Re: Indexing content, storing html

Posted by Reece <li...@gmail.com>.

I did this as well, but found problems when searching (tags in between
words caused searching nightmares).  I recommend stripping out all the
tags using the HTMLTokenFilterFactory or your own regex when indexing,
and storing the actual HTML in an actual database.

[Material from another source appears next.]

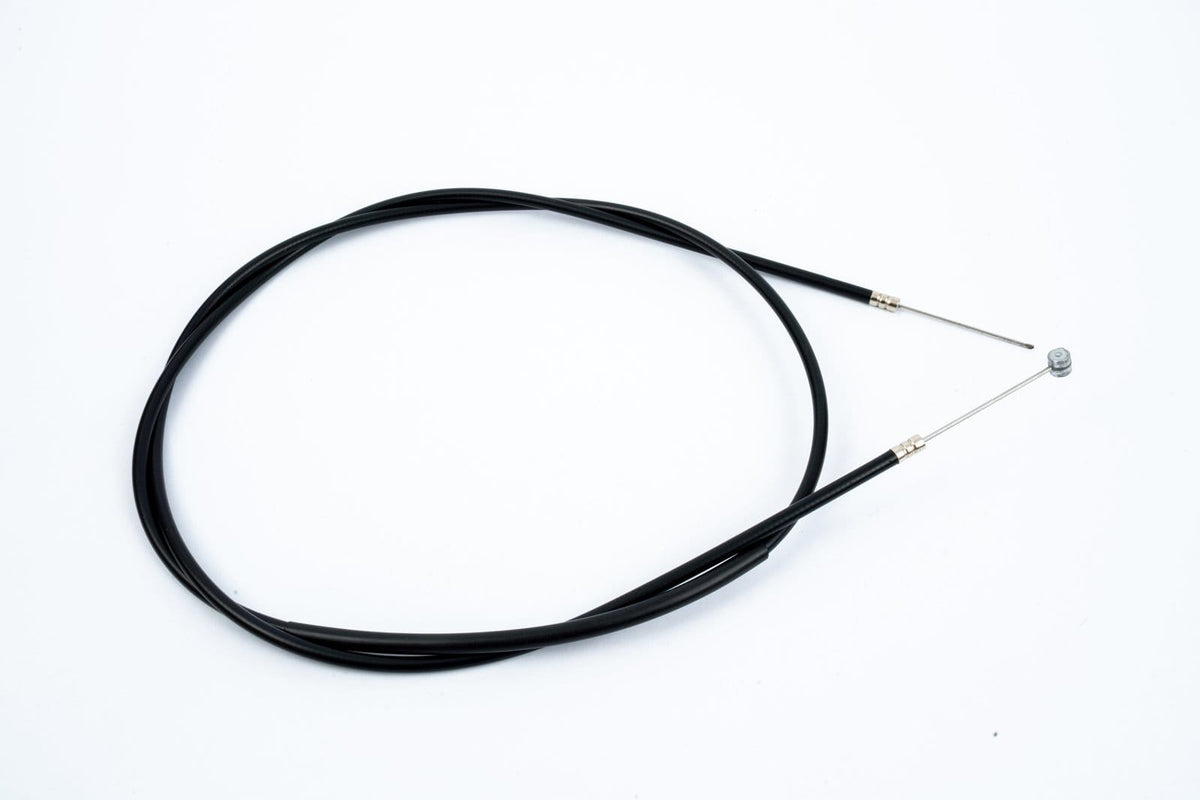 Pure Electric Brake Cable – Air 5 Suspension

If you really want to store the HTML though, you can use cdata in the
xml like this:

<?xml version="1.0" encoding="UTF-8" ?>
        <add>
            <doc>
                <field name="id">123</field>
                <field name="title"><![CDATA[yourbightmlstring]]></field>
            </doc>
      </add>

The CDATA thing will basically say anything between it's tag's will be
rendered as the field value.  It only breaks if your html string has a
"]]>" in it to end the data tag.

-Reece

On Fri, Feb 22, 2008 at 12:19 PM, Paul deGrandis
<pa...@gmail.com> wrote:
> Hi all,
>
>  I'm working on a solr app that pulls HTML from an embedded JavaScript
>  WYSIWYG editor, and I need to index on the content, but store and
>  reproduce the HTML.  The problem I have is when I try to add and
>  commit, the HTML gets interpreted as XML.  Is the way to do this
>  properly to create an HTMLTokenFilterFactory?  And if so, is there a
>  collection of plugins (like filters and such) that someone can point
>  me to?
>
>  Regards,
>  Paul
>